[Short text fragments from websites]
··········
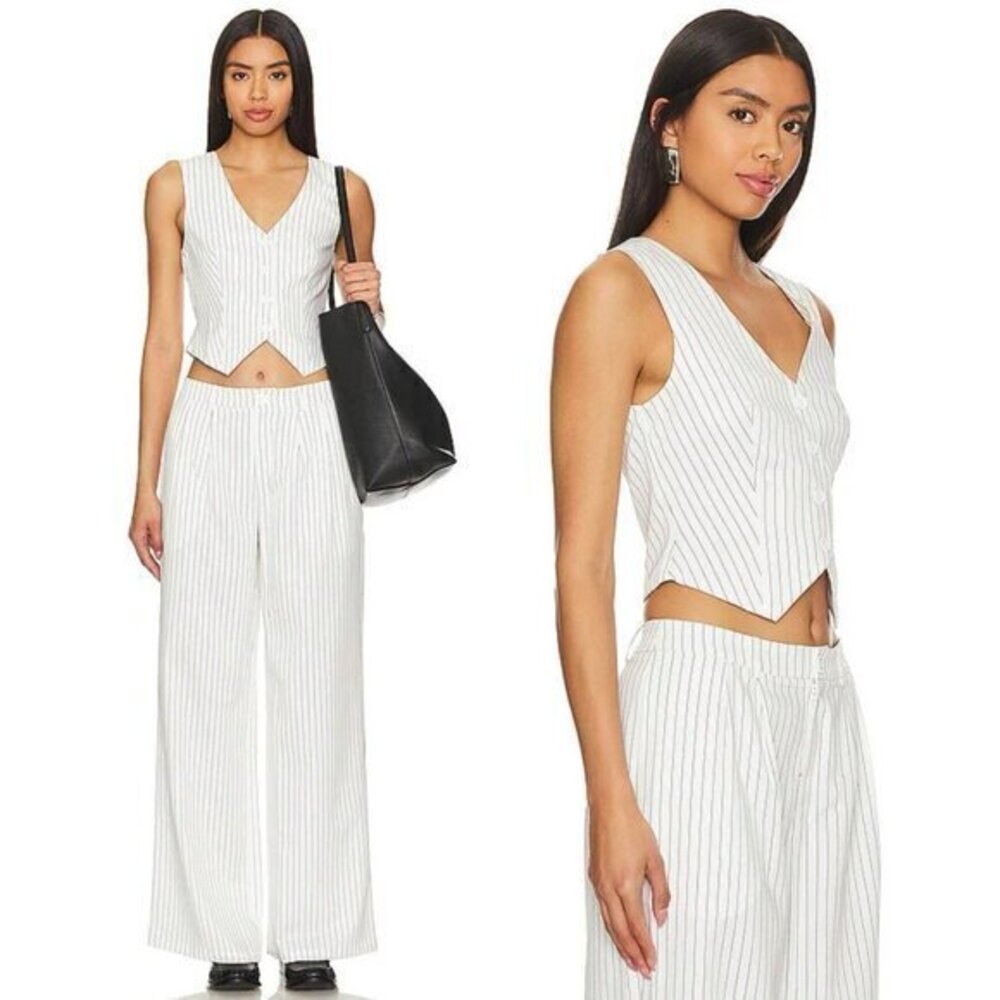 MORE TO COME Jazmine Set in White Stripe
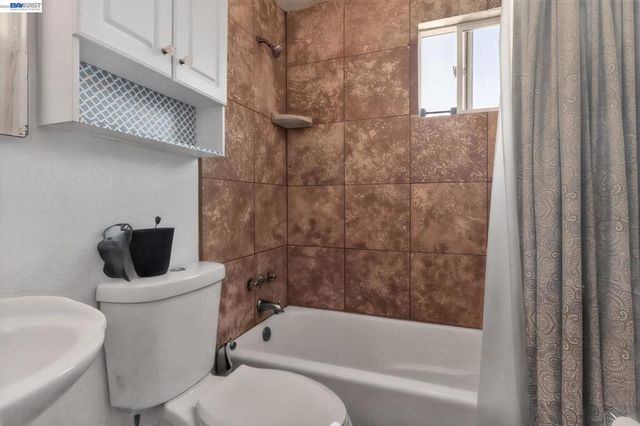 4262 Arthur Rd, Martinez, CA 94553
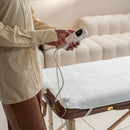 Couverture chauffante Zen Massage sur une table de massage, réglée avec la télécommande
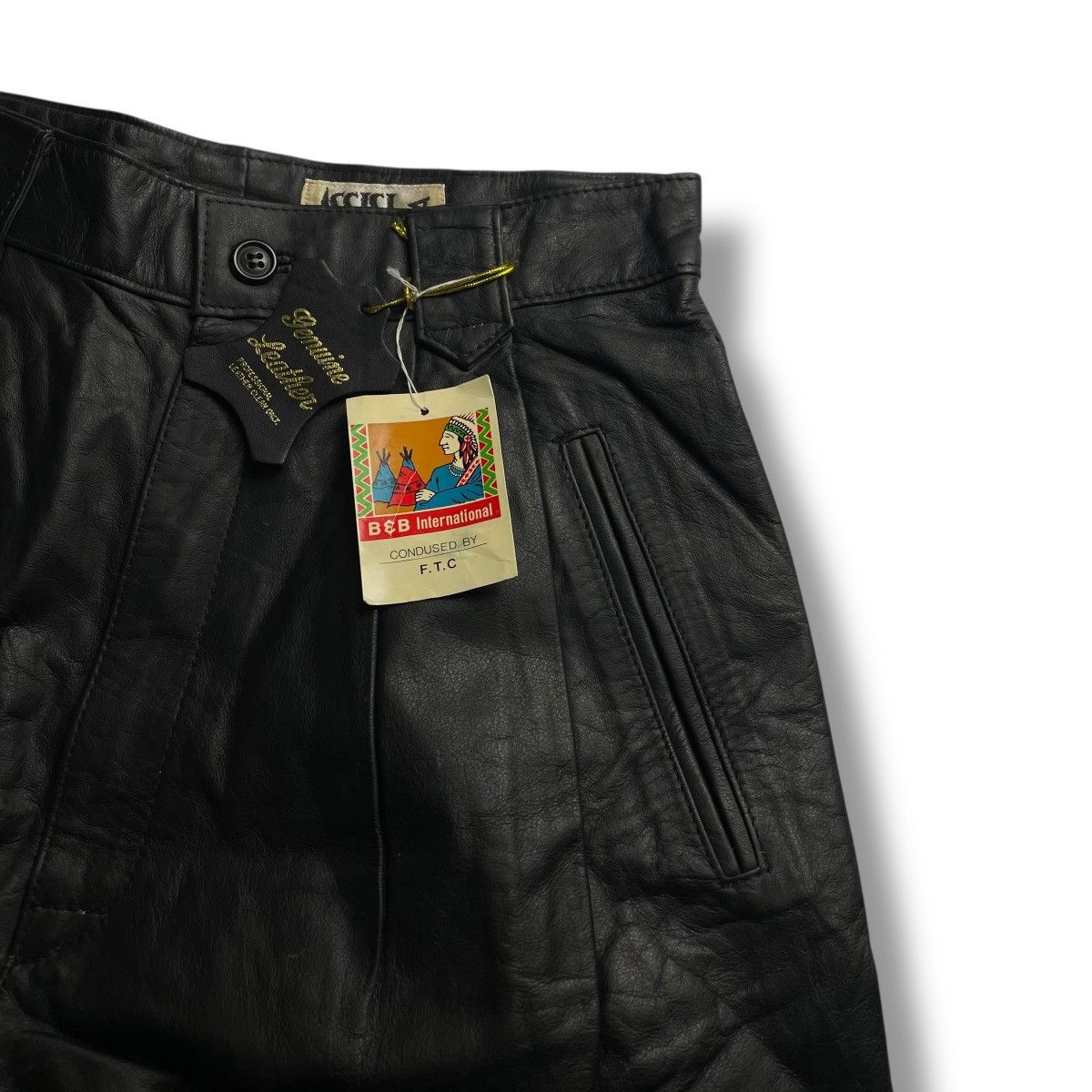 Genuine Leather BRAND NEW OLD STOCK COWHDE GENUINE LEATHER SHORTS Size 24" / US 00 / IT 34 - 7 Thumbnail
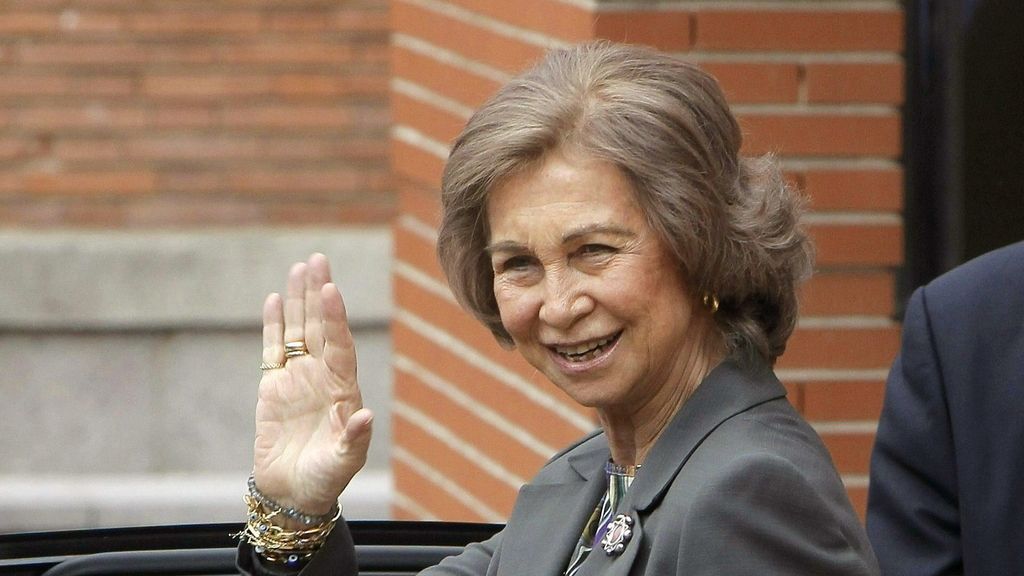 La Reina Sofía al salir de La Milagrosa. Foto: EFE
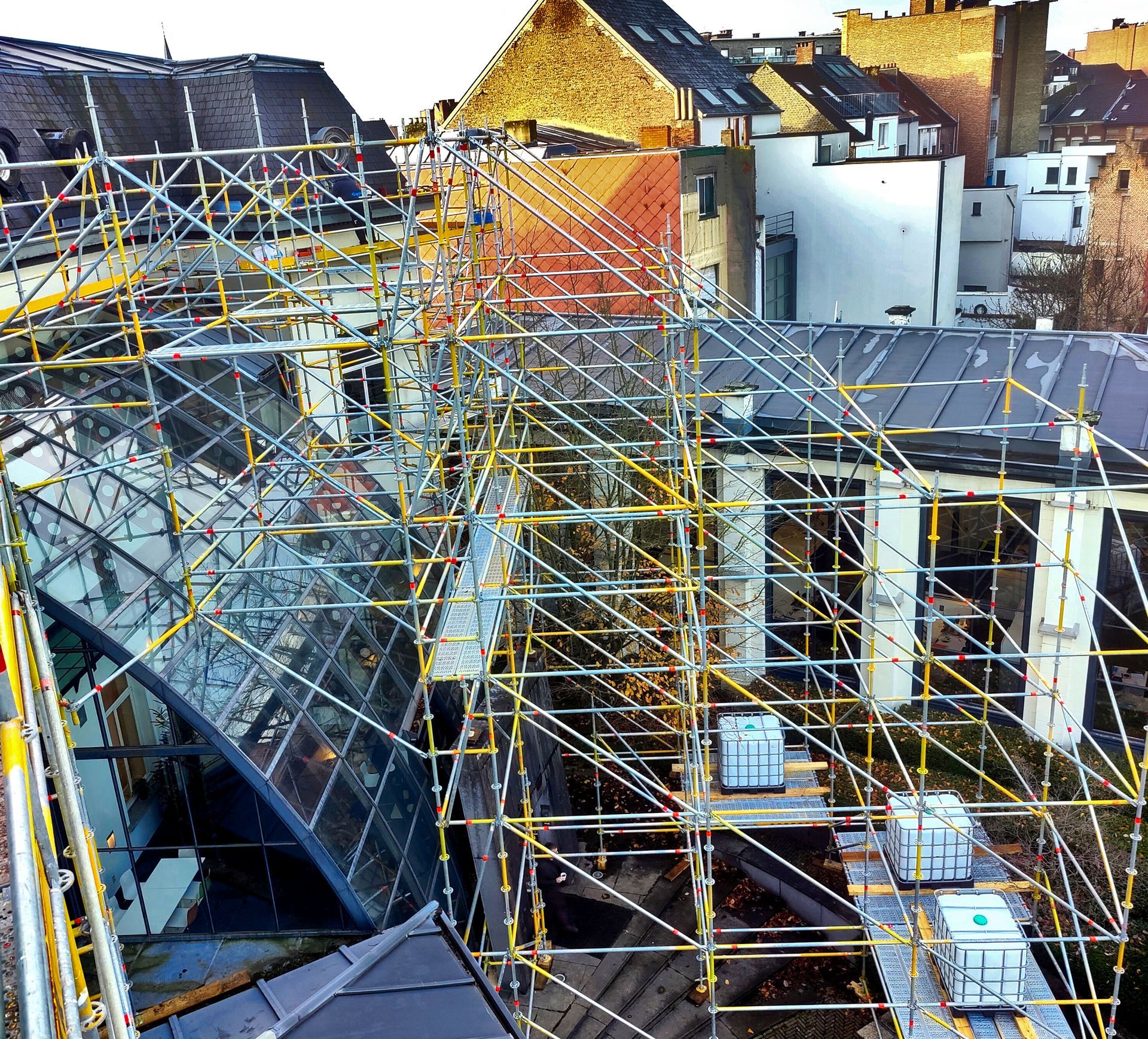 Multidirectionele steigerbouw is een techniek waarbij steigers in verschillende richtingen worden opgebouwd. Dit kan zowel horizontaal als verticaal zijn. Deze techniek biedt veel voordelen ten opzichte van traditionele steigerbouw, omdat het meer flexibiliteit biedt en toelaat om moeilijk bereikbare plekken te bereiken.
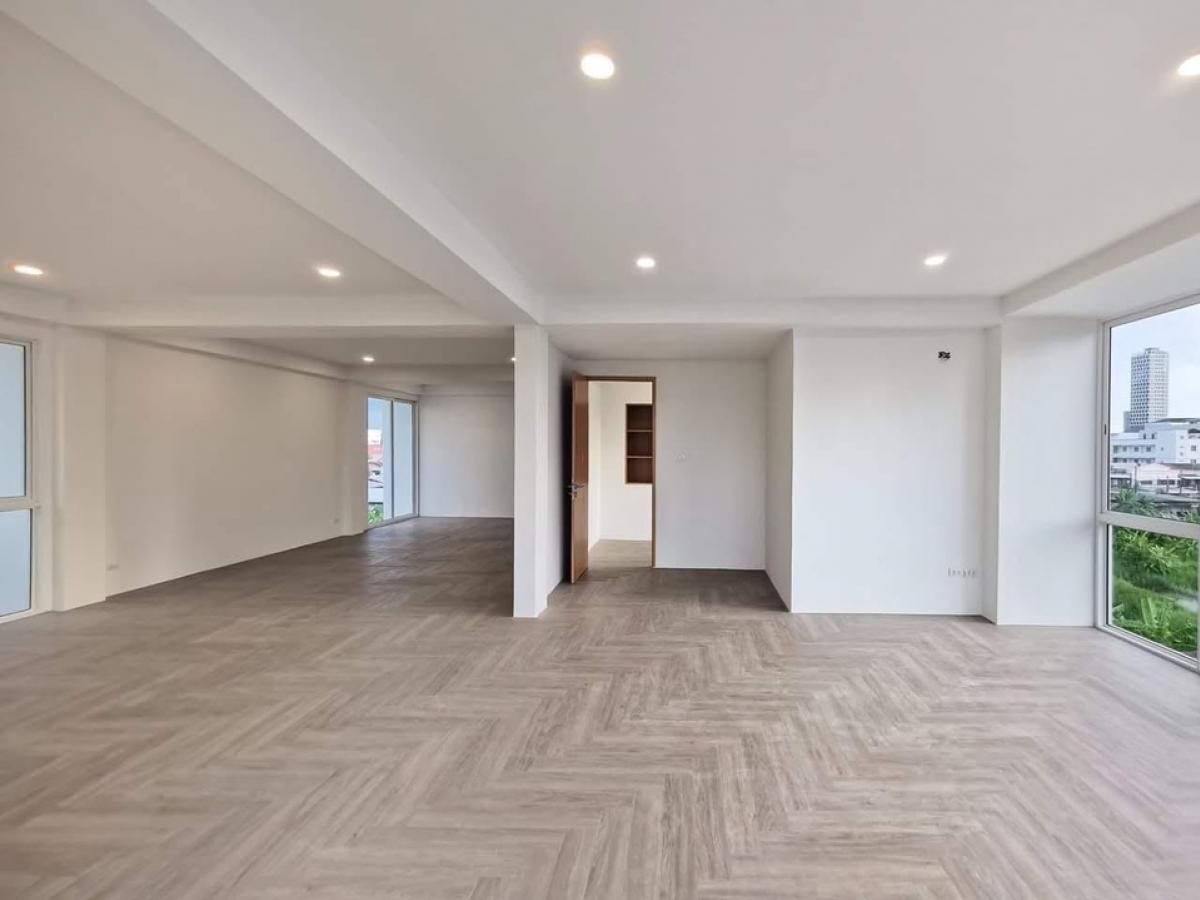 ขายโฮมออฟฟิศอ่อนนุช อุดมสุข : ลงทุน Yield 7-9.5 % Home Office Sukhumvit 77 อ่อนนุช 6 ขนาด 622 Sq.m เพียง 39.5 MB ติดต่อ 086-795-9997 (จิมมี่)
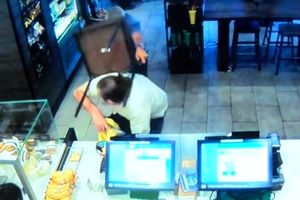 (VIDEO) URNEBESNO: Lopov ušetao sa pištoljem da krade, ali nije očekivao stolicu po leđima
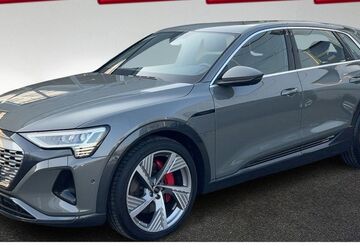 Audi Q8 e-tron 22.286 km 46.880 &euro; Hamburg 22529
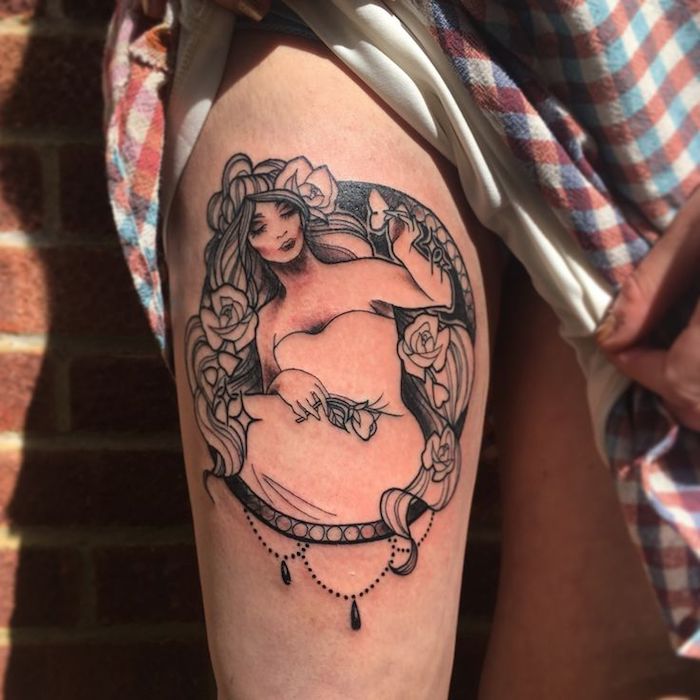 tattoo oberschenkel, bild mit frau mit langen haaren und kopfshcmuck aus rosen, frauen tattoos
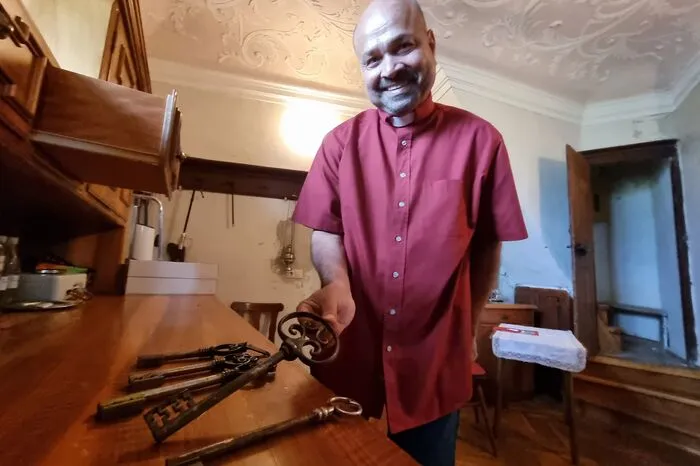 Dechant Lawrence Pinto mit den Kirchenschlüsseln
··········
> _Work required_: Copy out the lines above unchanged. Skip the images.

> _Output_:
 MORE TO COME Jazmine Set in White Stripe
 4262 Arthur Rd, Martinez, CA 94553
 Couverture chauffante Zen Massage sur une table de massage, réglée avec la télécommande
 Genuine Leather BRAND NEW OLD STOCK COWHDE GENUINE LEATHER SHORTS Size 24" / US 00 / IT 34 - 7 Thumbnail
 La Reina Sofía al salir de La Milagrosa. Foto: EFE
 Multidirectionele steigerbouw is een techniek waarbij steigers in verschillende richtingen worden opgebouwd. Dit kan zowel horizontaal als verticaal zijn. Deze techniek biedt veel voordelen ten opzichte van traditionele steigerbouw, omdat het meer flexibiliteit biedt en toelaat om moeilijk bereikbare plekken te bereiken.
 ขายโฮมออฟฟิศอ่อนนุช อุดมสุข : ลงทุน Yield 7-9.5 % Home Office Sukhumvit 77 อ่อนนุช 6 ขนาด 622 Sq.m เพียง 39.5 MB ติดต่อ 086-795-9997 (จิมมี่)
 (VIDEO) URNEBESNO: Lopov ušetao sa pištoljem da krade, ali nije očekivao stolicu po leđima
 Audi Q8 e-tron 22.286 km 46.880 &euro; Hamburg 22529
 tattoo oberschenkel, bild mit frau mit langen haaren und kopfshcmuck aus rosen, frauen tattoos
 Dechant Lawrence Pinto mit den Kirchenschlüsseln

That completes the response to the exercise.